Abstract
Atmospheric water vapor pressure is an essential meteorological control on land surface and hydrologic processes. As it is not as frequently observed as other meteorologic conditions, it is often inferred through the August–Roche–Magnus formula by simply assuming dew point and daily minimum temperatures are equivalent or by empirically correlating the two temperatures using an aridity correction. The performance of both methods varies considerably across different regions and during different time periods; obtaining consistently accurate estimates across space and time remains a great challenge. Here, an interpretable Long Short-Term Memory (iLSTM) network conditioned on static, location specific attributes is proposed to estimate the daily vapor pressure.

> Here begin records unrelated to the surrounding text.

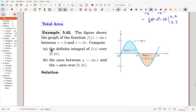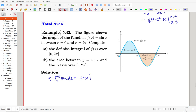Total area example: the figure shows the graph of f(x) = sin(x) from 0 to 2π. First, compute the definite integral of f over 0 to 2π. The integral of sin(x) from 0 to 2π, with antiderivative -cos(x), evaluated from 0 to 2π: cosine has period 2π, so at 2π the value is 1 and at 0 it is also 1. So the result is -1-(-1) = 0. The integral equals zero.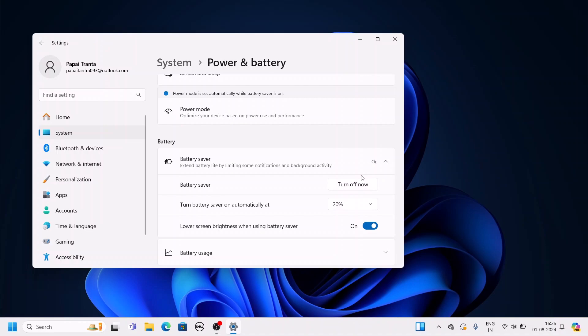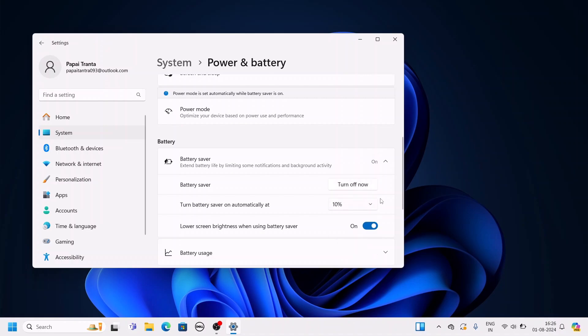Now if you want to turn on battery saver automatically, then from the dropdown menu select the battery percent. So for example, at 10% I want to enable battery saver. I will simply select 10%, and at 10% value it will automatically turn on battery saver on Windows 11.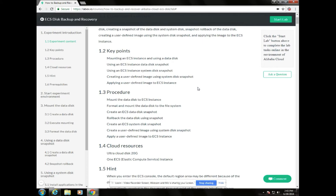Let's start by introducing the key ideas used in this lab. In this experiment, we will learn how to do data backup and recovery of ECS — mounting the residual data disk to the ECS instance, logging onto the ECS instance, formatting and partitioning the mounted disk, mounting the EXT4 file system, creating a snapshot for the data disk, and restoring data status using a snapshot rollback. We will also create a snapshot for the ECS system disk, create a user-defined image using the system disk snapshot, and specify that image when creating a new ECS instance.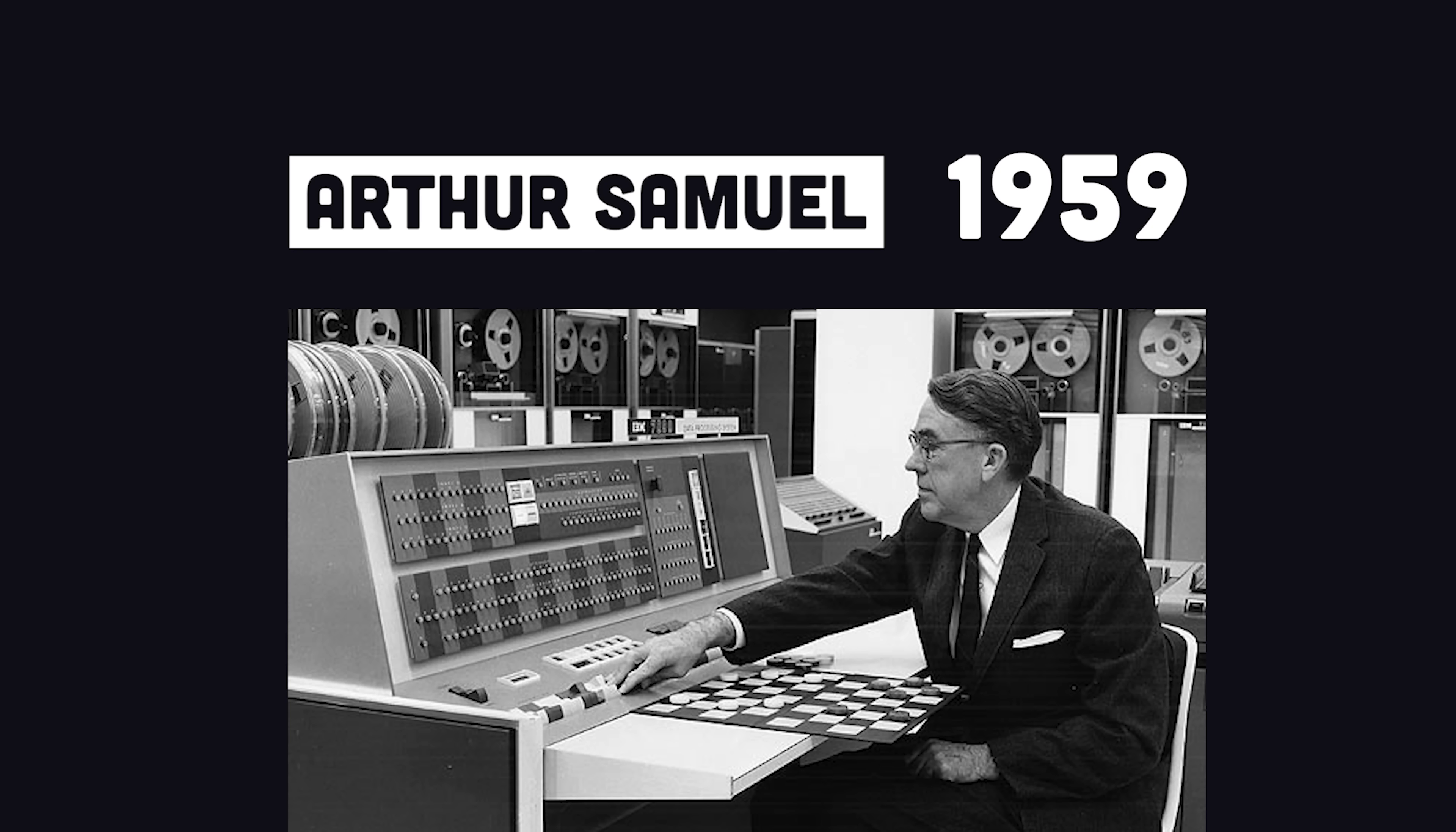The term was coined in 1959 by Arthur Samuel at IBM, who was developing artificial intelligence that could play checkers.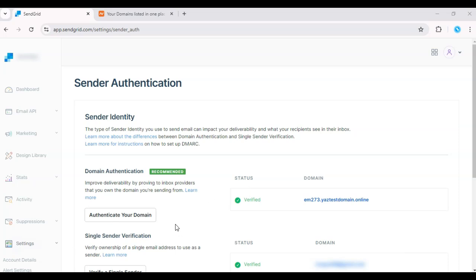If you haven't tried SendGrid, just hit the link in the description and get your free trial today.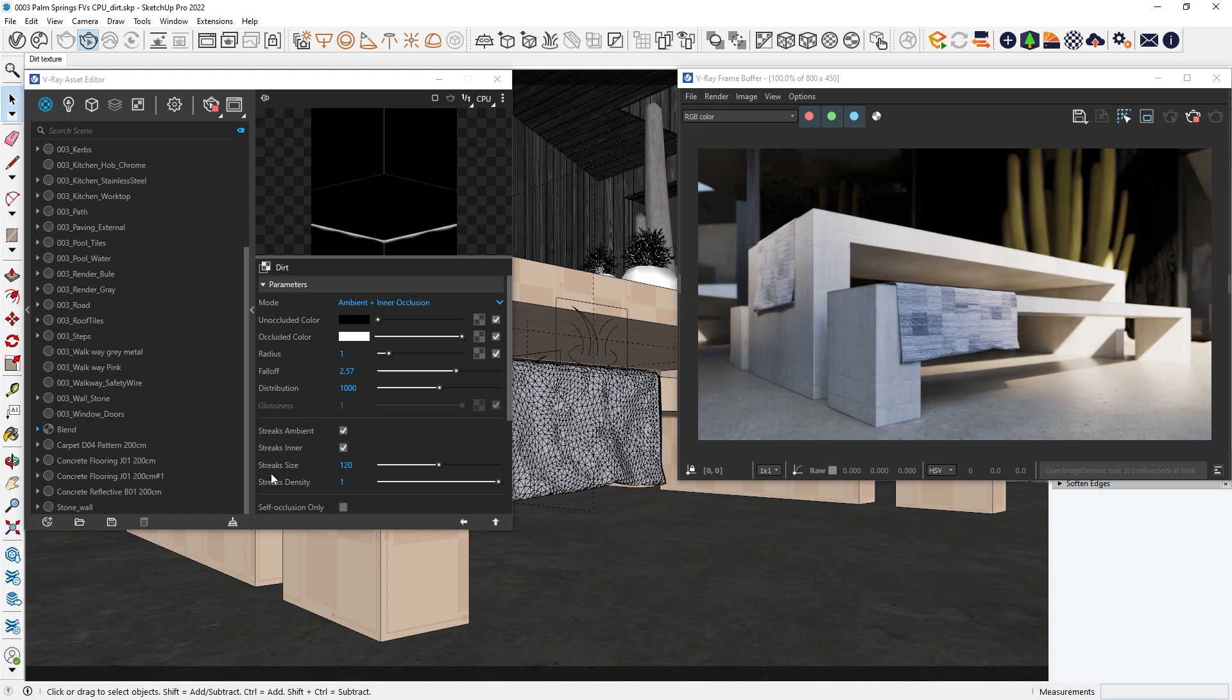we can use the V-Ray dirt texture. This utility allows you to add dirt around crevices of an object.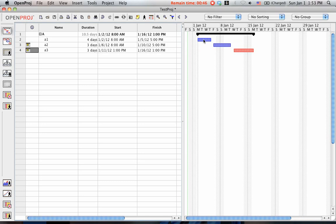As you can see here, this is A1, A2, and A3. You can also create dependencies by just clicking on the task and dragging the link to it.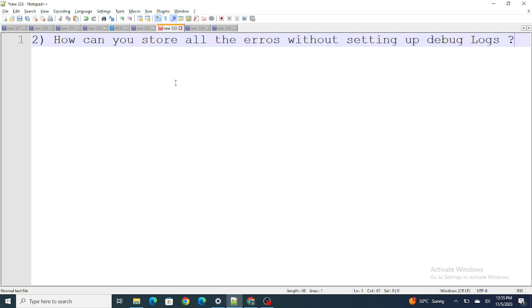Moving on to the next question: how can you store all the errors without setting up the debug log? Let's say my user does not have any debug log. I have written a class and there might be errors in this class. To handle these errors, what we do is use a try-catch block. In the try-catch block I will be able to see whatever errors occur, but only at that instant since the debug log is not set.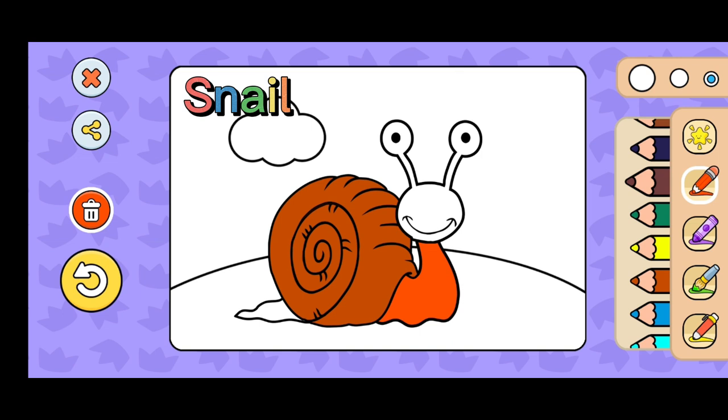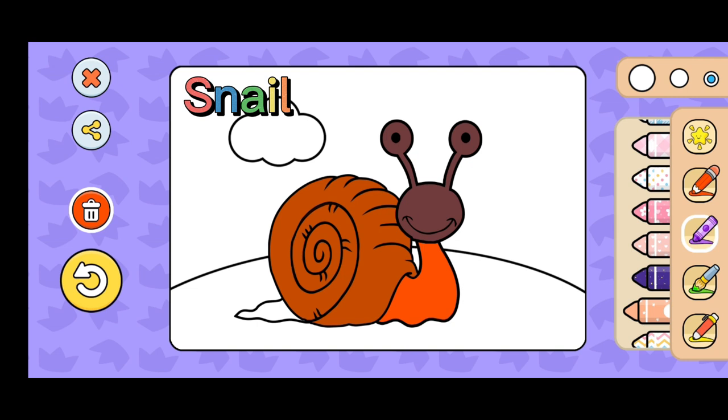Ladybugs are soft-bodied animals, or in scientific language, are called animals from the mollusca group.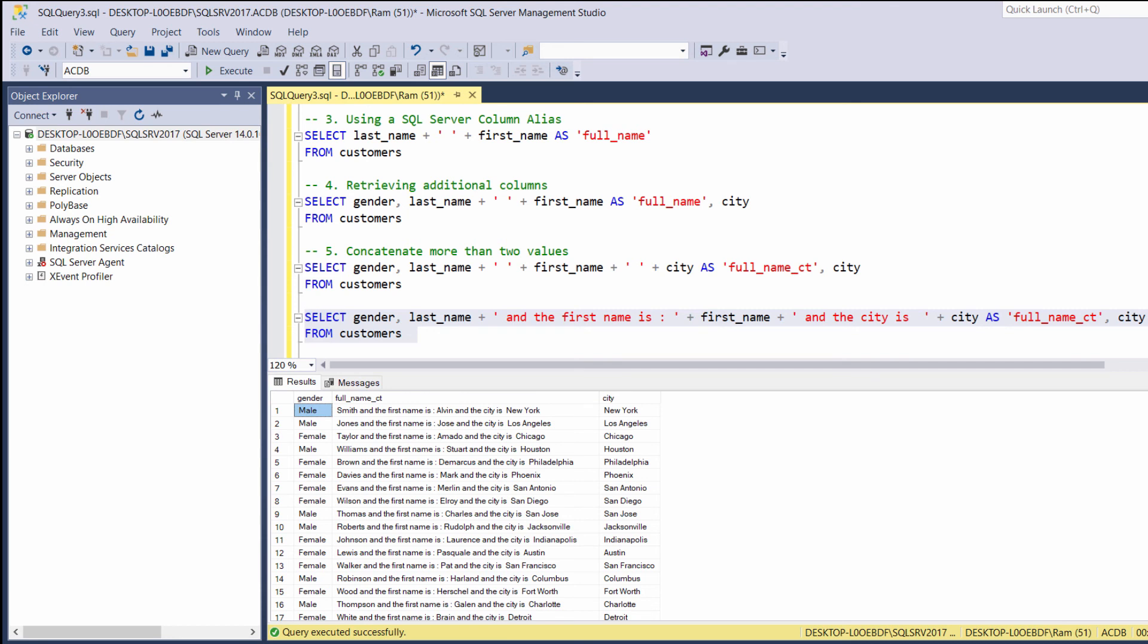Okay, so in this lesson, we learned how to use string concatenation. As you saw, pretty simple. All you need is to use the plus sign. Please feel free to ask any question you may have in the comments section below.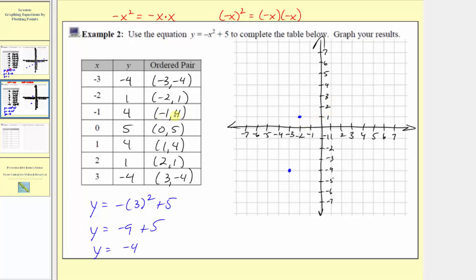The next ordered pair is negative one comma four. Here's the input of negative one. Because the output is four, we go up four units, where the output is positive four. The next ordered pair is zero comma five. Here's where the input is zero at the origin. Because the output is positive five, we go up five units, where the output is five. Whenever the input is zero, the point will always be on the vertical axis. The next ordered pair is one comma four. The input of one and output of positive four gives us that point.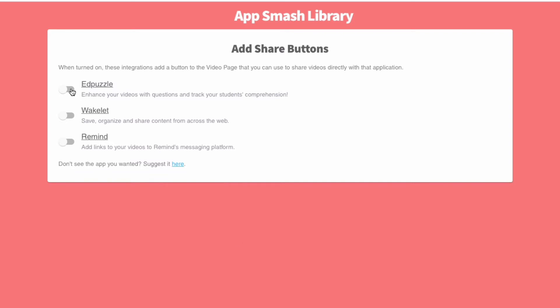If you'd like to enhance your video with questions and track student comprehension, you can turn on Edpuzzle. If you fancy creating a collection of different videos interspersed with other ideas from the web, you can turn on Wakelet. And if you think that you might want to message your videos out to students, parents, or colleagues over text message or email, you can turn on Remind.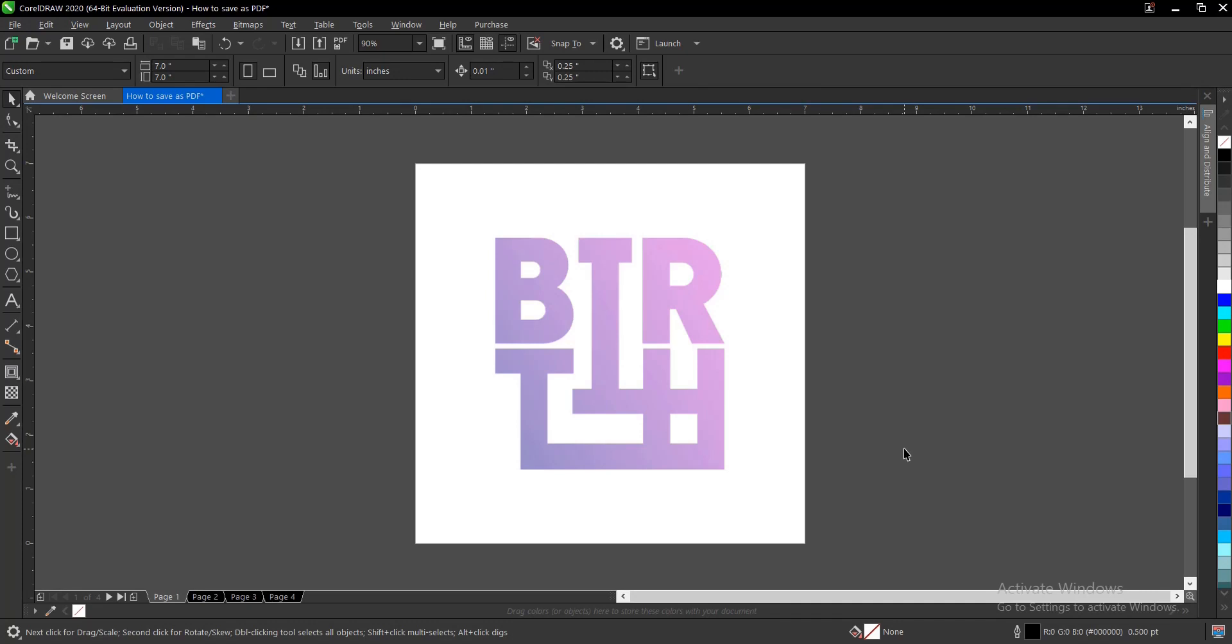Hello, in this video tutorial, I'll be showing you how to export or save a file as a PDF in CorelDRAW. It's very simple and very easy to do.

This approach allows for training a single transferable model using ensemble data from multiple sites and exploring the quantitative dependency of vapor pressure prediction on multiple environmental variables and their histories. To evaluate this approach, three iLSTM model configurations were developed, each considering different site attributes as static variables. For each configuration, multiple model realizations were trained using 83 FLUXNET sites in the United States and Canada, where each realization corresponds to different withheld groups of sites used for model evaluation. Results show that the iLSTM networks noticeably improve the estimation accuracy in comparison with the two assumption-based methods for most sites, reducing the failure rate from 32 % to 10.9 % for the best iLSTM model configuration. Additionally, this network provides reasonable insights into both the relative importance of the time-series input variables and their temporal importance. This method is found to be effective for imputing vapor pressure across space and time.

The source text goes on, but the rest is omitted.